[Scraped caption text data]
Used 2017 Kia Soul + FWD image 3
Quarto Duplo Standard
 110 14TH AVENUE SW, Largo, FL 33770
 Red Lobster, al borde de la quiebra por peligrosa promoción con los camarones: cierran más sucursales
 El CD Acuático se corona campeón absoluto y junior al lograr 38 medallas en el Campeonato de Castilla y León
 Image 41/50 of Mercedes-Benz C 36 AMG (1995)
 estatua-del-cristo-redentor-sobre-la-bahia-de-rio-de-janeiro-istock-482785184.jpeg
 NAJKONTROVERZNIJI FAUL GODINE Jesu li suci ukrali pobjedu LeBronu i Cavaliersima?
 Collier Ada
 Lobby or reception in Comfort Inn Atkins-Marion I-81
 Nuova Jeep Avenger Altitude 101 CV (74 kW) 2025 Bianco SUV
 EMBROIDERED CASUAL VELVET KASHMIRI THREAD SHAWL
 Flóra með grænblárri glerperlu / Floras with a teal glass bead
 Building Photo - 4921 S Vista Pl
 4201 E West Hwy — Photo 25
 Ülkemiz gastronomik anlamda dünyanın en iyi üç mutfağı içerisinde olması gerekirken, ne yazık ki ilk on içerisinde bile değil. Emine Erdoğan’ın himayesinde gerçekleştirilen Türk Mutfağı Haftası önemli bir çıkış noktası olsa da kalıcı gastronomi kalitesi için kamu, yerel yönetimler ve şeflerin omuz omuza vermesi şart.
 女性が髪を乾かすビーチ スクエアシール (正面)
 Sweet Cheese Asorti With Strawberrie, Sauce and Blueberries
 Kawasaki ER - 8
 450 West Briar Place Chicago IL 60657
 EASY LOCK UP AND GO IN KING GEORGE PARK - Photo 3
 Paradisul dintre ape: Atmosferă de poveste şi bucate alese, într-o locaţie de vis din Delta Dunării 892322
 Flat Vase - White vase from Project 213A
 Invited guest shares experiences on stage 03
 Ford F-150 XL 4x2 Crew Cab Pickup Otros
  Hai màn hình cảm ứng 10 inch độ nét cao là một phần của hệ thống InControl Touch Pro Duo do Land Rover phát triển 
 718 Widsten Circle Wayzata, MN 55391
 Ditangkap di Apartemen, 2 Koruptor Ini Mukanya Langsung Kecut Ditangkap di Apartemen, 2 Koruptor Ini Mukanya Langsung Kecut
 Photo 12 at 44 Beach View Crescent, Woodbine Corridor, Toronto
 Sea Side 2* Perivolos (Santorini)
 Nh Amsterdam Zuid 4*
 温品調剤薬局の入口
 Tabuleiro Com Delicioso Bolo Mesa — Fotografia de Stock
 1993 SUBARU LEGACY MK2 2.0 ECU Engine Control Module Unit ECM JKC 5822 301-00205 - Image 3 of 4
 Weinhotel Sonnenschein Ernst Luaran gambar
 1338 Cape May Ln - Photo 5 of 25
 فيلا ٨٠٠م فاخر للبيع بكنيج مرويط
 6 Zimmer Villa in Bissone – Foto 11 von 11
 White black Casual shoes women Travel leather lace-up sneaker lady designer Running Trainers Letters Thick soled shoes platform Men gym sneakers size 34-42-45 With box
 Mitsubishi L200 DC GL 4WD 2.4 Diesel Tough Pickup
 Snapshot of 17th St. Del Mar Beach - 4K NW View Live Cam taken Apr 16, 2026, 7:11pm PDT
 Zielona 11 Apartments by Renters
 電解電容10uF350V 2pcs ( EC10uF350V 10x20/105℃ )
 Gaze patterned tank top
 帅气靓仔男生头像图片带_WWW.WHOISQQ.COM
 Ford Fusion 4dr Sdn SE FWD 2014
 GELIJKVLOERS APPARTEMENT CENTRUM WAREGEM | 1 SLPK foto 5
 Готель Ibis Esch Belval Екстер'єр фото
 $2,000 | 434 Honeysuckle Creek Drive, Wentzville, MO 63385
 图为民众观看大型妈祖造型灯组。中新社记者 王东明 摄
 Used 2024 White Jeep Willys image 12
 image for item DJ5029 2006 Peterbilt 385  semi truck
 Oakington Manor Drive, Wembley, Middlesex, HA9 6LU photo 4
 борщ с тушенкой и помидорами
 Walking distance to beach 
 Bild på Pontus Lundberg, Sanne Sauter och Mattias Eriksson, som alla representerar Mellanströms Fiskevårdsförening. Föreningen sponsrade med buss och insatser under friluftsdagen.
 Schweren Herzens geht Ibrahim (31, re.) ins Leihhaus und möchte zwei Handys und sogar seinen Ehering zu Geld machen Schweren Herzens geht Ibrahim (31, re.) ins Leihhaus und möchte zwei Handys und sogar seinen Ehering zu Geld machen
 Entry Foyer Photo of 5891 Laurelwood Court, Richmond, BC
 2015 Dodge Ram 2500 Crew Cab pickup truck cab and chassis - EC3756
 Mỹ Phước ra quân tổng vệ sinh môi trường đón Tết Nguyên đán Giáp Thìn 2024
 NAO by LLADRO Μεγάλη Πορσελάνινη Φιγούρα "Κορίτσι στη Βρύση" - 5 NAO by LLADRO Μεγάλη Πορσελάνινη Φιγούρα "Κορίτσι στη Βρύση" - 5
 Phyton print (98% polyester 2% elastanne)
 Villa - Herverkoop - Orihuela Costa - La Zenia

- Work instruction: Going line by line, copy the data above exactly.

- Solution:
Used 2017 Kia Soul + FWD image 3
Quarto Duplo Standard
 110 14TH AVENUE SW, Largo, FL 33770
 Red Lobster, al borde de la quiebra por peligrosa promoción con los camarones: cierran más sucursales
 El CD Acuático se corona campeón absoluto y junior al lograr 38 medallas en el Campeonato de Castilla y León
 Image 41/50 of Mercedes-Benz C 36 AMG (1995)
 estatua-del-cristo-redentor-sobre-la-bahia-de-rio-de-janeiro-istock-482785184.jpeg
 NAJKONTROVERZNIJI FAUL GODINE Jesu li suci ukrali pobjedu LeBronu i Cavaliersima?
 Collier Ada
 Lobby or reception in Comfort Inn Atkins-Marion I-81
 Nuova Jeep Avenger Altitude 101 CV (74 kW) 2025 Bianco SUV
 EMBROIDERED CASUAL VELVET KASHMIRI THREAD SHAWL
 Flóra með grænblárri glerperlu / Floras with a teal glass bead
 Building Photo - 4921 S Vista Pl
 4201 E West Hwy — Photo 25
 Ülkemiz gastronomik anlamda dünyanın en iyi üç mutfağı içerisinde olması gerekirken, ne yazık ki ilk on içerisinde bile değil. Emine Erdoğan’ın himayesinde gerçekleştirilen Türk Mutfağı Haftası önemli bir çıkış noktası olsa da kalıcı gastronomi kalitesi için kamu, yerel yönetimler ve şeflerin omuz omuza vermesi şart.
 女性が髪を乾かすビーチ スクエアシール (正面)
 Sweet Cheese Asorti With Strawberrie, Sauce and Blueberries
 Kawasaki ER - 8
 450 West Briar Place Chicago IL 60657
 EASY LOCK UP AND GO IN KING GEORGE PARK - Photo 3
 Paradisul dintre ape: Atmosferă de poveste şi bucate alese, într-o locaţie de vis din Delta Dunării 892322
 Flat Vase - White vase from Project 213A
 Invited guest shares experiences on stage 03
 Ford F-150 XL 4x2 Crew Cab Pickup Otros
  Hai màn hình cảm ứng 10 inch độ nét cao là một phần của hệ thống InControl Touch Pro Duo do Land Rover phát triển 
 718 Widsten Circle Wayzata, MN 55391
 Ditangkap di Apartemen, 2 Koruptor Ini Mukanya Langsung Kecut Ditangkap di Apartemen, 2 Koruptor Ini Mukanya Langsung Kecut
 Photo 12 at 44 Beach View Crescent, Woodbine Corridor, Toronto
 Sea Side 2* Perivolos (Santorini)
 Nh Amsterdam Zuid 4*
 温品調剤薬局の入口
 Tabuleiro Com Delicioso Bolo Mesa — Fotografia de Stock
 1993 SUBARU LEGACY MK2 2.0 ECU Engine Control Module Unit ECM JKC 5822 301-00205 - Image 3 of 4
 Weinhotel Sonnenschein Ernst Luaran gambar
 1338 Cape May Ln - Photo 5 of 25
 فيلا ٨٠٠م فاخر للبيع بكنيج مرويط
 6 Zimmer Villa in Bissone – Foto 11 von 11
 White black Casual shoes women Travel leather lace-up sneaker lady designer Running Trainers Letters Thick soled shoes platform Men gym sneakers size 34-42-45 With box
 Mitsubishi L200 DC GL 4WD 2.4 Diesel Tough Pickup
 Snapshot of 17th St. Del Mar Beach - 4K NW View Live Cam taken Apr 16, 2026, 7:11pm PDT
 Zielona 11 Apartments by Renters
 電解電容10uF350V 2pcs ( EC10uF350V 10x20/105℃ )
 Gaze patterned tank top
 帅气靓仔男生头像图片带_WWW.WHOISQQ.COM
 Ford Fusion 4dr Sdn SE FWD 2014
 GELIJKVLOERS APPARTEMENT CENTRUM WAREGEM | 1 SLPK foto 5
 Готель Ibis Esch Belval Екстер'єр фото
 $2,000 | 434 Honeysuckle Creek Drive, Wentzville, MO 63385
 图为民众观看大型妈祖造型灯组。中新社记者 王东明 摄
 Used 2024 White Jeep Willys image 12
 image for item DJ5029 2006 Peterbilt 385  semi truck
 Oakington Manor Drive, Wembley, Middlesex, HA9 6LU photo 4
 борщ с тушенкой и помидорами
 Walking distance to beach 
 Bild på Pontus Lundberg, Sanne Sauter och Mattias Eriksson, som alla representerar Mellanströms Fiskevårdsförening. Föreningen sponsrade med buss och insatser under friluftsdagen.
 Schweren Herzens geht Ibrahim (31, re.) ins Leihhaus und möchte zwei Handys und sogar seinen Ehering zu Geld machen Schweren Herzens geht Ibrahim (31, re.) ins Leihhaus und möchte zwei Handys und sogar seinen Ehering zu Geld machen
 Entry Foyer Photo of 5891 Laurelwood Court, Richmond, BC
 2015 Dodge Ram 2500 Crew Cab pickup truck cab and chassis - EC3756
 Mỹ Phước ra quân tổng vệ sinh môi trường đón Tết Nguyên đán Giáp Thìn 2024
 NAO by LLADRO Μεγάλη Πορσελάνινη Φιγούρα "Κορίτσι στη Βρύση" - 5 NAO by LLADRO Μεγάλη Πορσελάνινη Φιγούρα "Κορίτσι στη Βρύση" - 5
 Phyton print (98% polyester 2% elastanne)
 Villa - Herverkoop - Orihuela Costa - La Zenia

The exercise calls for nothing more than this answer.